REPUBLIKA.CO.ID, ADIS ABABA— Parlemen Ethiopia mengesahkan undang-undang pada Kamis (13/2) yang dapat memenjarakan warganya yang mengunggah konten internet pemicu keresahan.
Pemerintah mengatakan pengesahan undang-undang itu diperlukan untuk mencegah kekerasan menjelang pemilu namun Perserikatan Bangsa-Bangsa mengatakan undang-undang itu akan mematikan kebebasan berbicara.
Selama beberapa dekade Ethiopia merupakan salah satu negara di Afrika yang dikendalikan dengan sangat ketat. Namun negara itu mengalami perubahan politik yang sangat besar sejak Perdana Menteri yang berjiwa reformis Abiy Ahmed berkuasa dua tahun lalu.
Meski Abiy telah membebaskan tahanan politik dan wartawan serta mencabut larangan terhadap partai oposisi, pemerintahannya berjuang mengekang kerusuhan dalam kekerasan etnis. Pemilu tahun ini dipandang sebagai ujian terbesar apakah reformasi politik yang ambisius dari Abiy masih bertahan.
UU baru itu memungkinkan denda hingga 3.000 dolar AS dan penjara hingga lima tahun bagi siapa pun yang menyebarkan dan menciptakan unggahan di media sosial yang dianggap melahirkan kekerasan atau gangguan terhadap tatanan masyarakat.
Sebanyak 297 legislator yang hadir dalam sidang menyetujui pengesahan RUU itu sementara hanya 23 yang menolak.
"Ethiopia menjadi korban disinformasi," kata legislator Abebe Godebo. "Negeri ini merupakan tanah air keanekaragaman dan UU ini akan menyeimbangkan keanekaragaman itu."
Beberapa legislator yang menentang UU itu mengatakan aturan ini melanggar jaminan konstitusional atas kemerdekaan berbicara.
Abiy, yang meraih Hadiah Nobel tahun lalu atas jasanya melakukan rekonsiliasi dengan musuh abadi dan tetangga Ethiopia, Eritrea, bersumpah bahwa pemilu tahun ini akan berlangsung bebas dan jujur. Negeri berpenduduk 108 juta jiwa itu menyelenggarakan pemilu secara teratur sejak 1995 namun hanya sekali, di tahun 2005, yang kompetitif.
UU itu pertama kali disetujui kabinet Abiy pada November.
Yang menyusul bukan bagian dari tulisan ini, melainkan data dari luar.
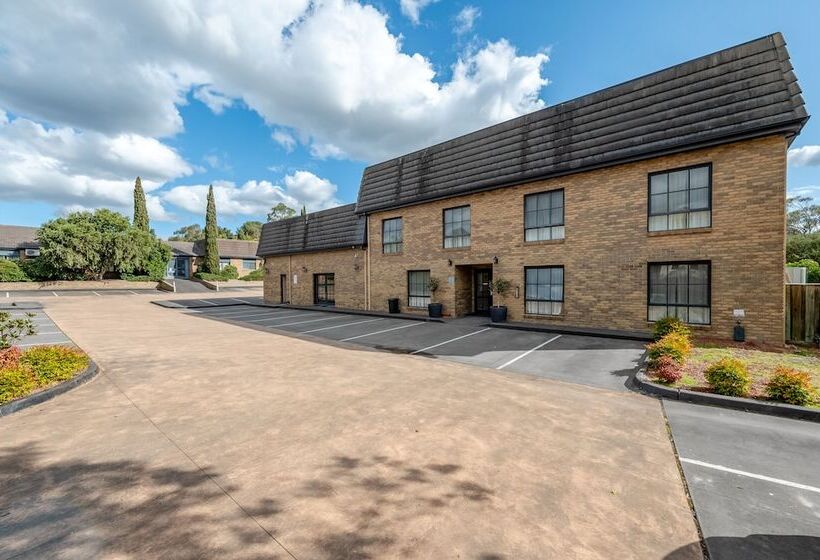 فندق Rowville International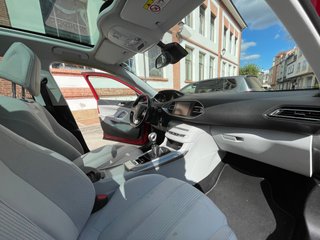 Peugeot 308 2015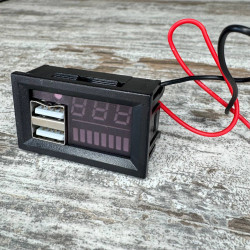 Индикатор заряда аккумулятора с вольтметром 12В и 2 USB, цифровой тестер для авто и мото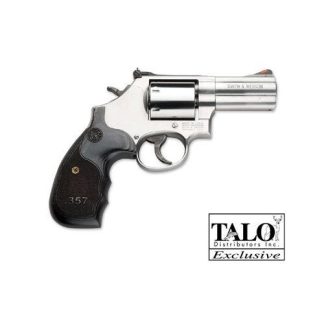 Smith and Wesson 686 Plus Stainless/Wood .357 Mag 3-inch 7Rd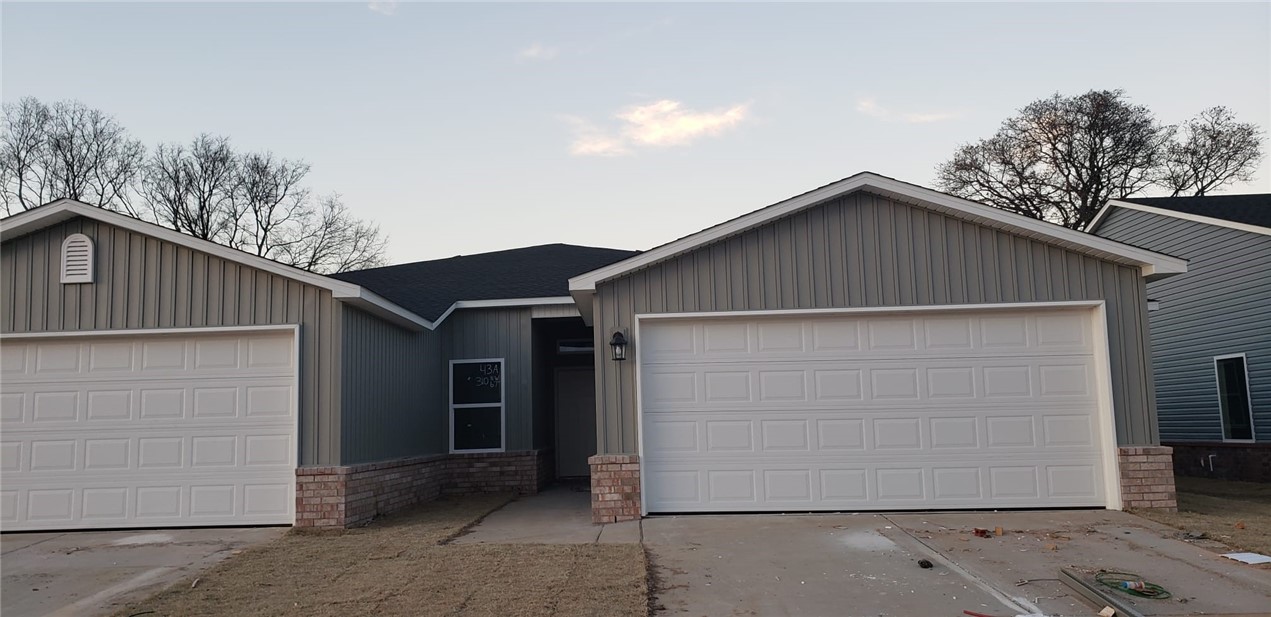 Woodward Park Ph Ii Highfill - Residential Lease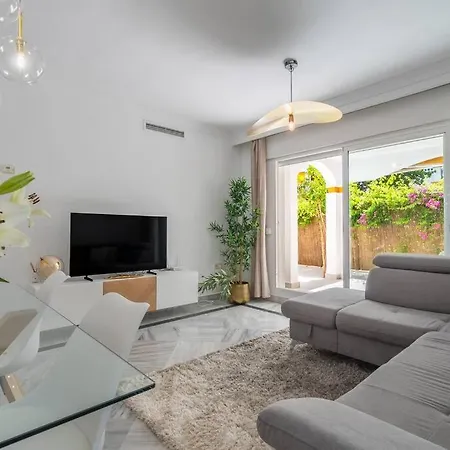 Luxury 3br Puerto Banus, Pool, Garden, Walk To Marina & Марбелья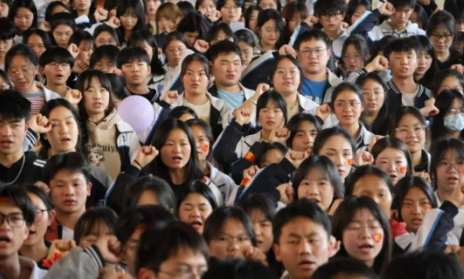 云南西点文化学校：卓越本科上线率，助力学子圆梦大学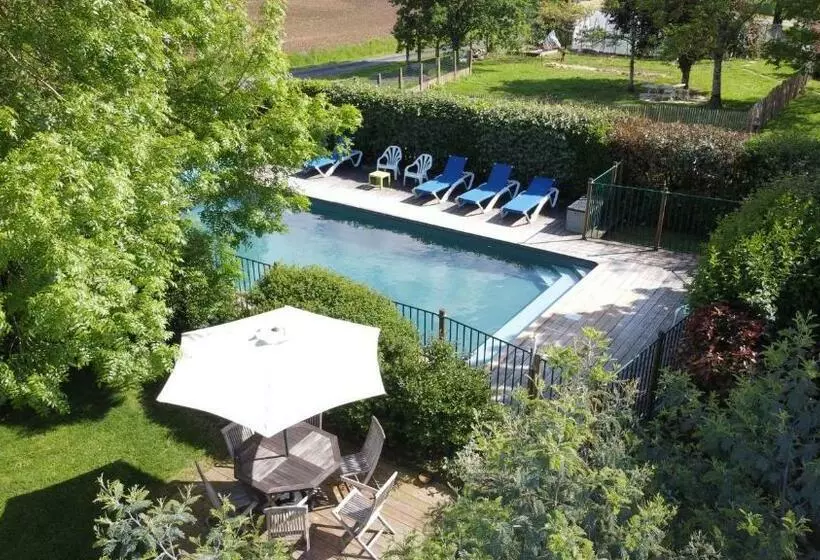 Aamiaismajoitus (B&B) Chambres D'hôtes Les Hautes Papinières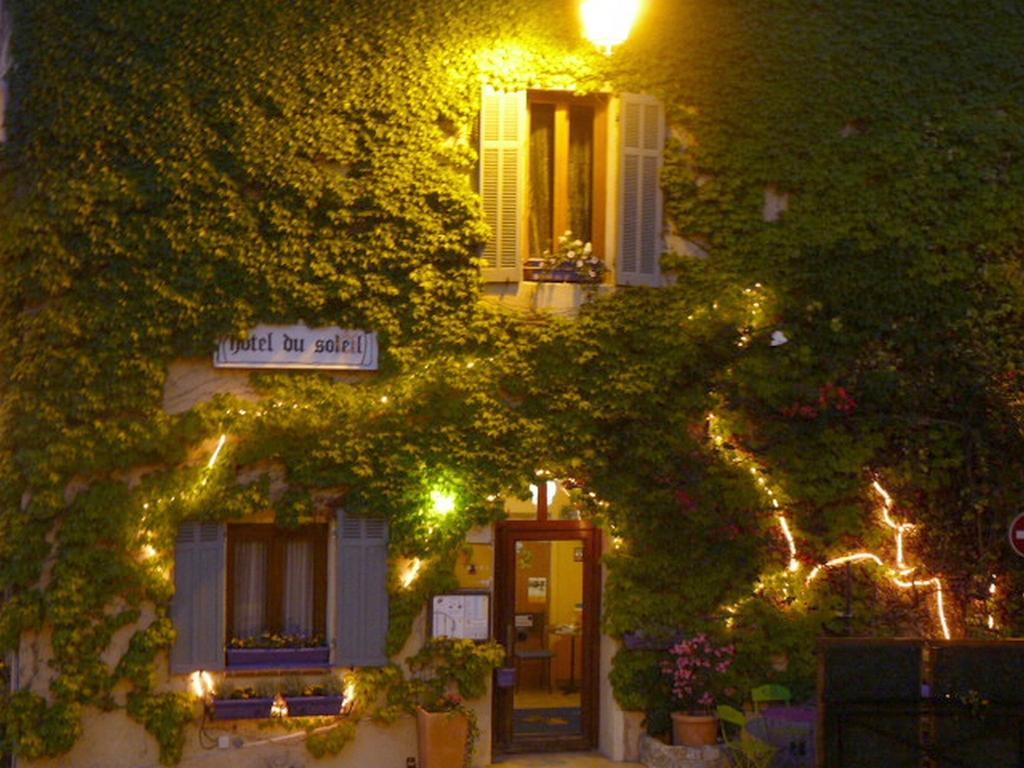 Hotel Du Soleil Ιέρ Εξωτερικό φωτογραφία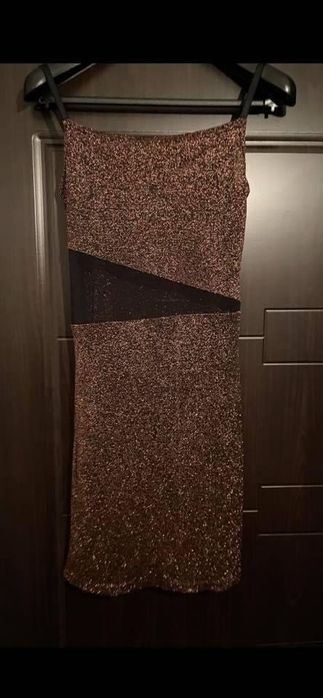 Луксозна златна блестяща рокля за  бал , официални вечери ,рождени дни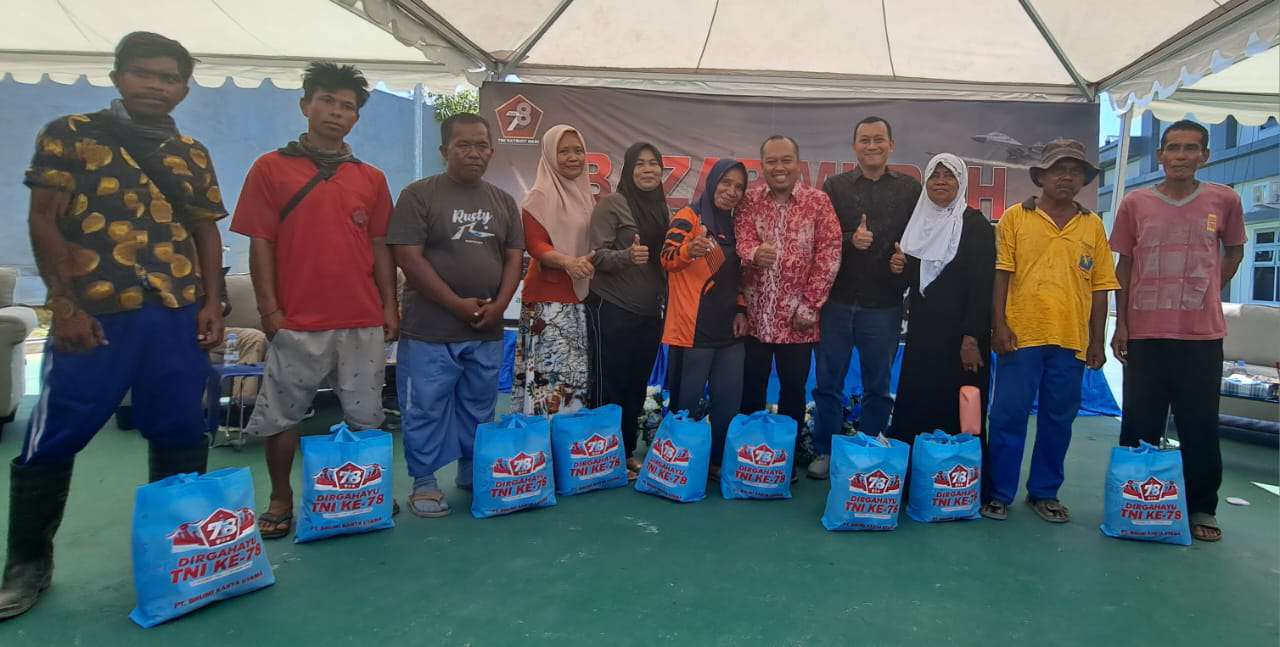 HUT TNI ke-78, Antam Konawe Utara Bagikan Ratusan Paket Sembako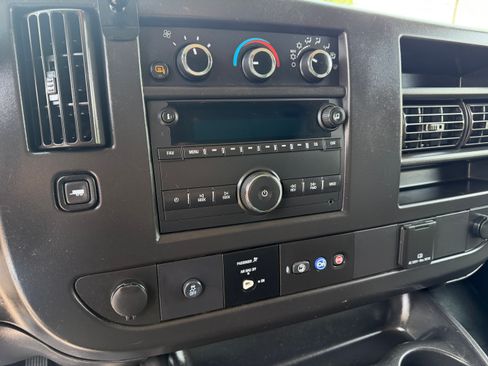 Used 2021 Chevrolet Express 2500 UNAVAIL RWD image 17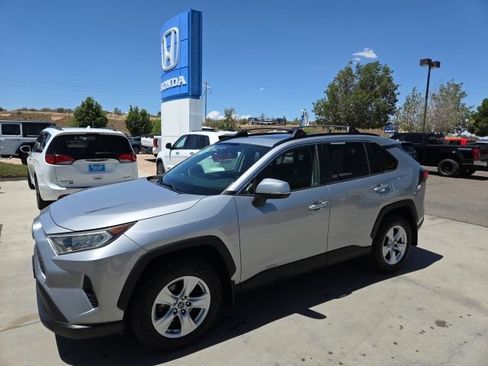 Used 2019 Toyota RAV4 XLE w/ All Weather Liner Package FWD image 1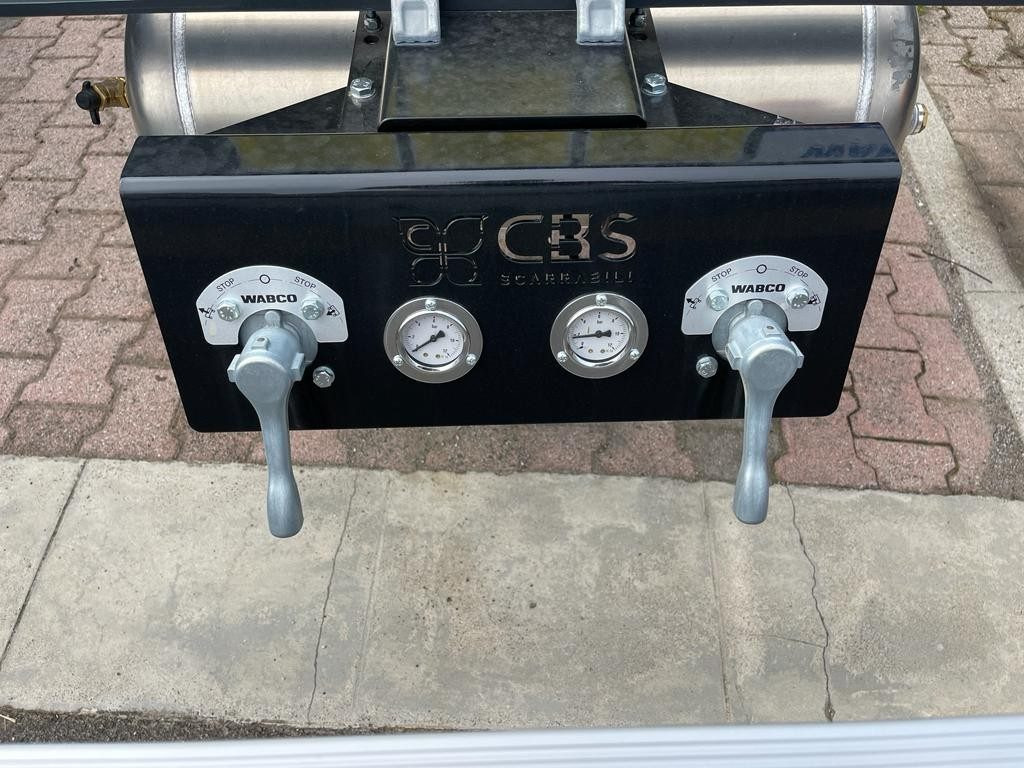 RIMORCHIO CBS NUOVO SCARRABILE - Multiliftes/ Konténerszállító pótkocsi: 3 kép. RIMORCHIO CBS NUOVO SCARRABILE - Multiliftes/ Konténerszállító pótkocsi: 3 kép.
Saat itu pejabat pelapor khusus PBB tentang kemerdekaan ekspresi mendesak pemerintah untuk mempertimbangkannya, seraya mengingatkan UU itu akan memperburuk ketegangan antaretnis yang sudah tinggi dan kemungkinan memicu kekerasan lebih jauh.
Kelompok hak-hak asasi internasional mengatakan UU itu menciptakan satu perangkat hukum bagi pemerintah untuk memberangus oposan.
"Politisi dan aktivis atau yang lain akan dipaksa berhati-hati, takut bahwa ucapan mereka mungkin termasuk dalam definisi ujaran kebencian atau dapat dianggap sebagai informasi palsu," kata peneliti Ethiopia dari Amnesty Internasional Fisseha Tekle.